Saturday, July 7, 2012

ARod finally feels Jeter’s pain of betrayal


Alex Rodriguez must finally understand how his former pal and now frenemy Derek Jeter felt when ARod criticized him in Esquire all those years ago.

ARod is getting a taste of his ownmedicine after being called out by Hall of Famer Reggie Jackson in Sports Illustrated this week. The former New York Yankees great said ARod has no place in baseball’s hallowed Hall because of his use of performance-enhancing drugs. To be fair, Reggie took shots at plenty of people in the article, including many of his fellow members of the Hall and even one who died very recently in Gary Carter, which has earned Jackson plenty of criticism. But the shots at ARod got the most attention because they are both members of the Yankees organization and supposedly friends and because anything involving ARod is controversial.

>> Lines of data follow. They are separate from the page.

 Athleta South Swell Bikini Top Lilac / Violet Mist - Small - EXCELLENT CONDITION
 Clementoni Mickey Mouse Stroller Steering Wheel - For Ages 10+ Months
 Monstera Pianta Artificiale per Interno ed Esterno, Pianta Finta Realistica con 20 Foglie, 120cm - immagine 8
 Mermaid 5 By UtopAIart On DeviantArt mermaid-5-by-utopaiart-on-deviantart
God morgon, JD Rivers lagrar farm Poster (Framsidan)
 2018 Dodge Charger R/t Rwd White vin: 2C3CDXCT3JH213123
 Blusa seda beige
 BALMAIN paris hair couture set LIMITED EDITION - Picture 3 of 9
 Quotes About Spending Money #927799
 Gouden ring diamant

The Yankees third baseman invoked the “with friends like that who needs enemies” line before declining to talk about the impact of these comments on his relationship with Jackson. But he is clearly pissed off, as he has every right to be. Jackson has every right to express his opinion that the PED users should not be allowed in the Hall, an opinion shared by me and many other baseball observers. I even give Reggie credit for daring to say what many of his fellow Hall of Famers are probably thinking. But given Jackson’s position as special advisor for the Yankees, it was probably unwise for him to have specifically targeted ARod, even if he is right.

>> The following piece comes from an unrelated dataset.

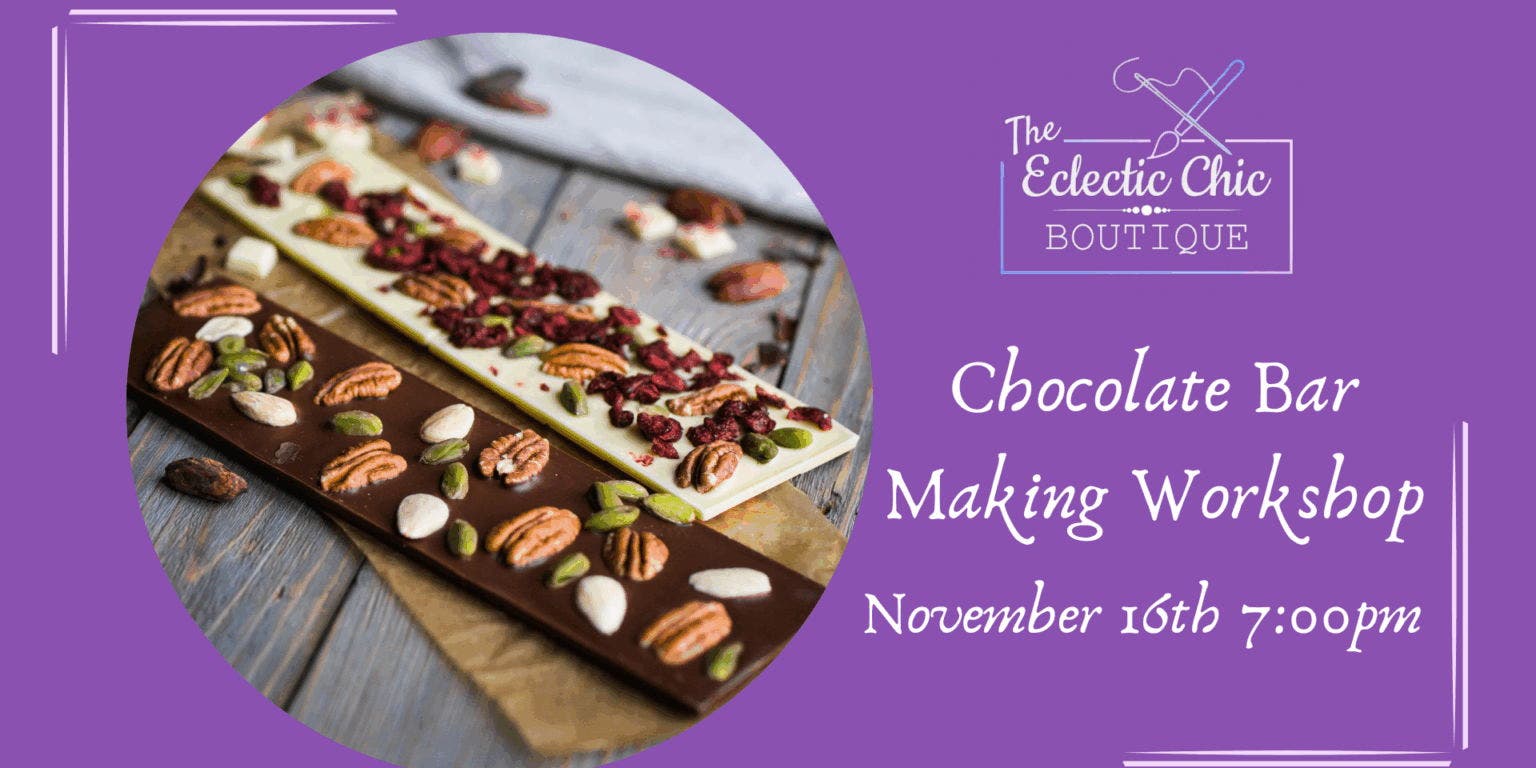 Nov 16 | Chocolate Bar Making Workshop | Newark, NJ Patch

I doubt ARod and Reggie were ever as close as ARod used to be with Jeter. Remember, Jeter opened up his home to his pal when ARod was with the Seattle Mariners and visiting New York to play against the Yankees. I vividly remember a video of the two of them teasing each other (Jeter jokingly once sent ARod a signed Derek Jeter baseball card as a gift). But ARod ruined that relationship completely when he took those shots at Jeter in that Esquire article.

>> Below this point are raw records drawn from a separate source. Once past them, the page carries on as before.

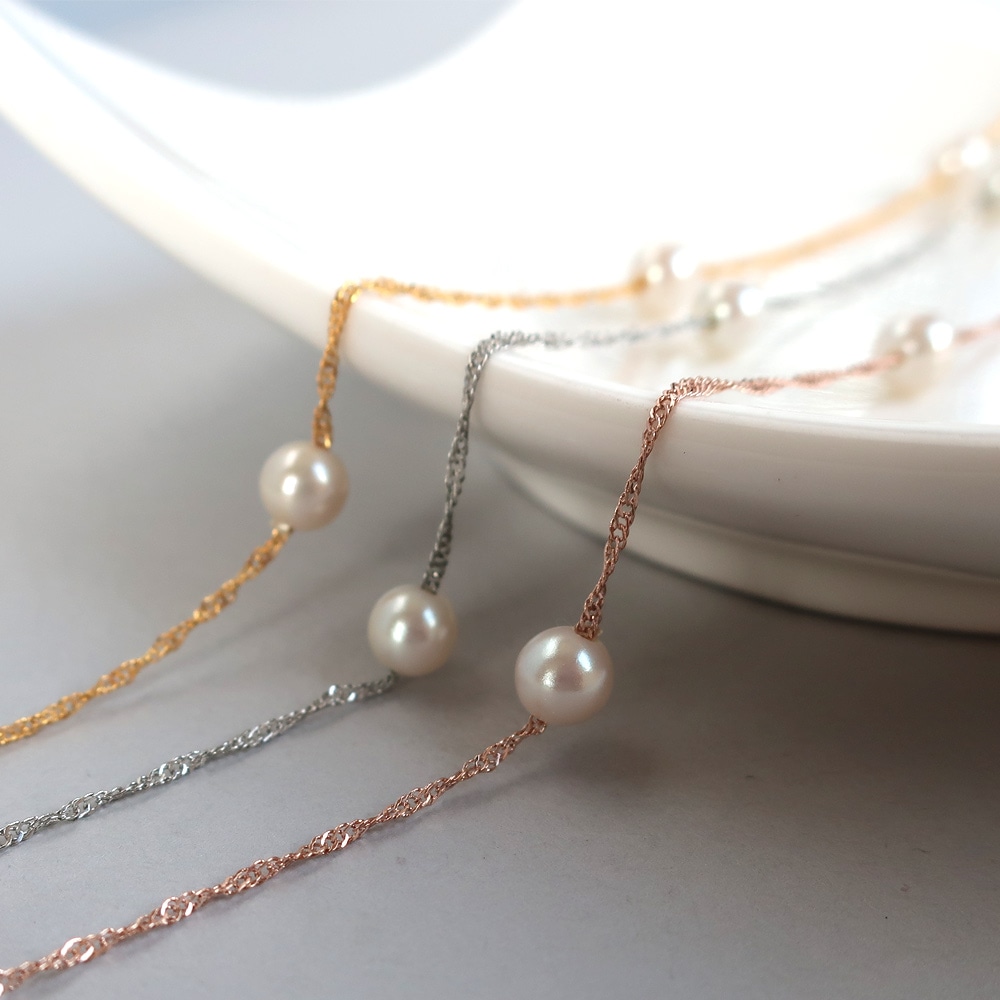 日本製 ステーションパール ネックレス | ネックレス | 日本製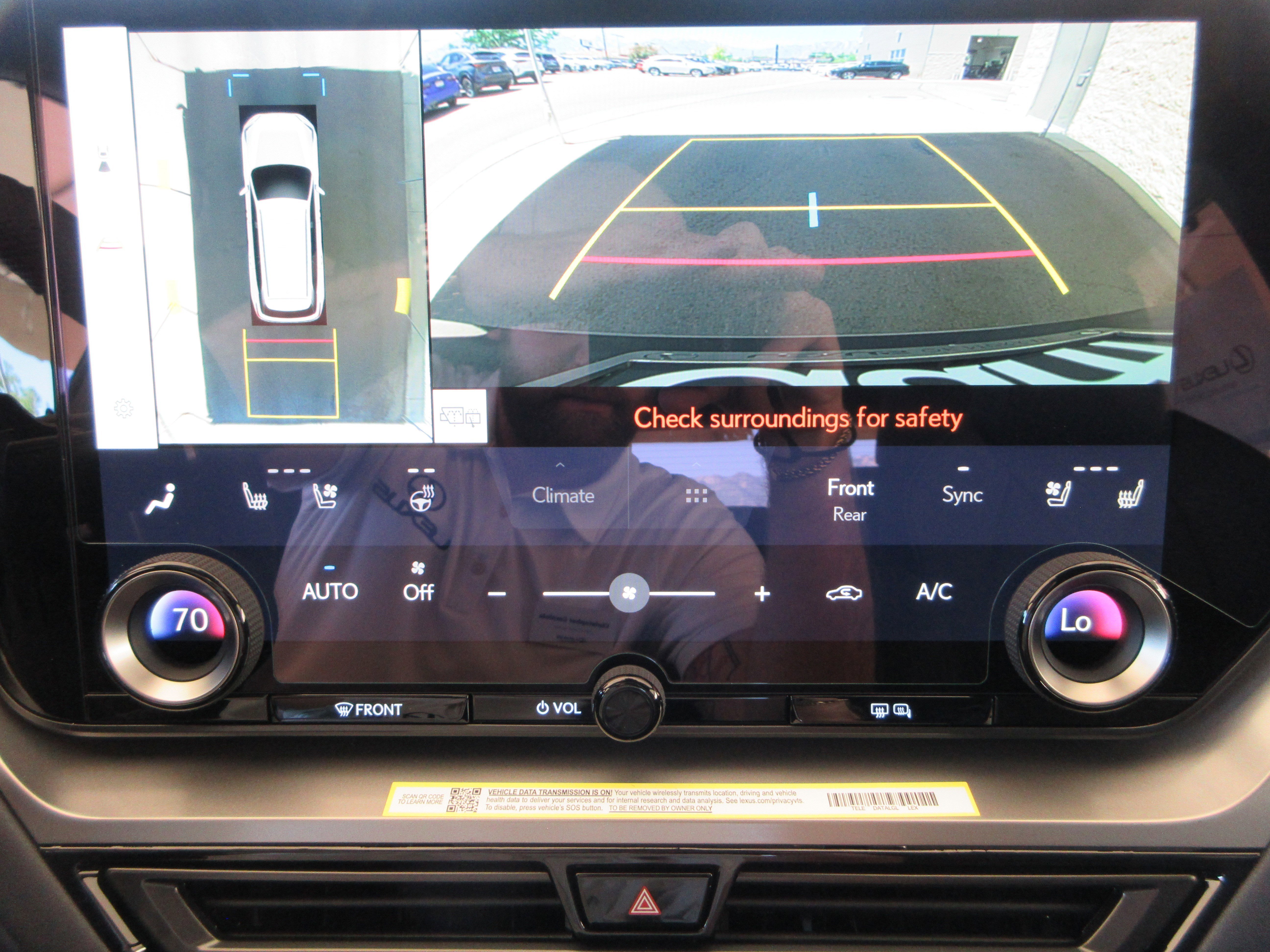 New 2026 Caviar Lexus F SPORT PERFORMANCE PREMIUM AWD image 47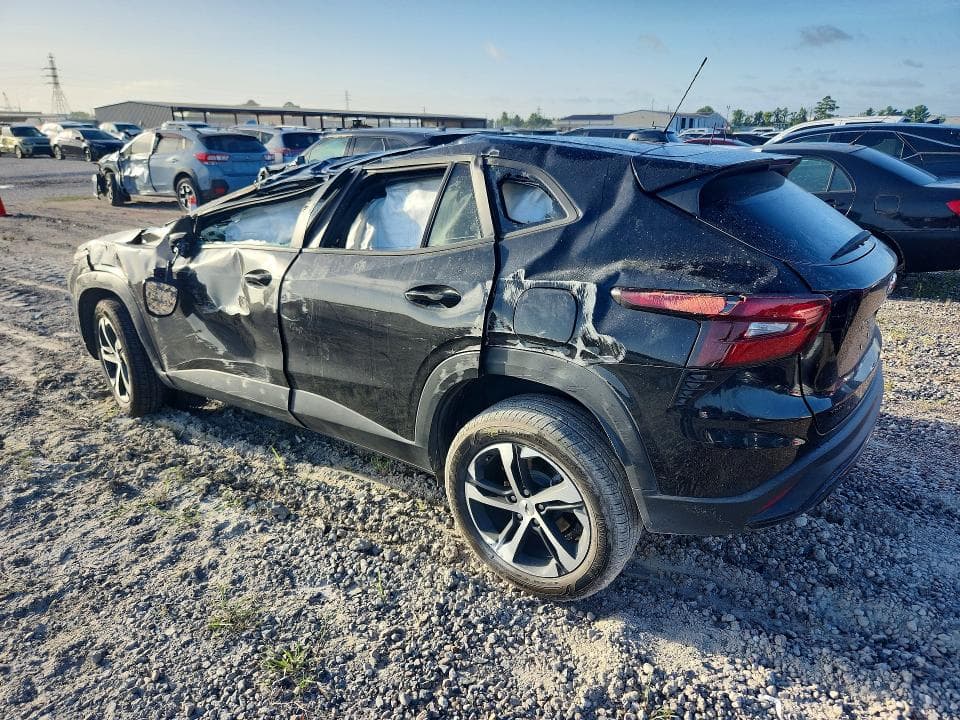 2025 CHEVROLET TRAX 1RS 2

ARod made some ill-advised and insensitive comments about how Jeter was never the threat another team worried about when facing the Yankees. Jeter was blindsided and deeply hurt by the comments and never really forgave ARod. Most of their conflict in the latter years was not about the Esquire article, but about Jeter’s annoyance with ARod’s vanity and selfish ways, according to Ian O’Connor’s terrific book The Captain. But that Esquire article broke their friendship. ARod now knows how it feels to be publicly stabbed in the back by someone you considered a friend.

Reggie better hope ARod is a lot moreforgiving than Jeter is. But as they say, what goes around comes around.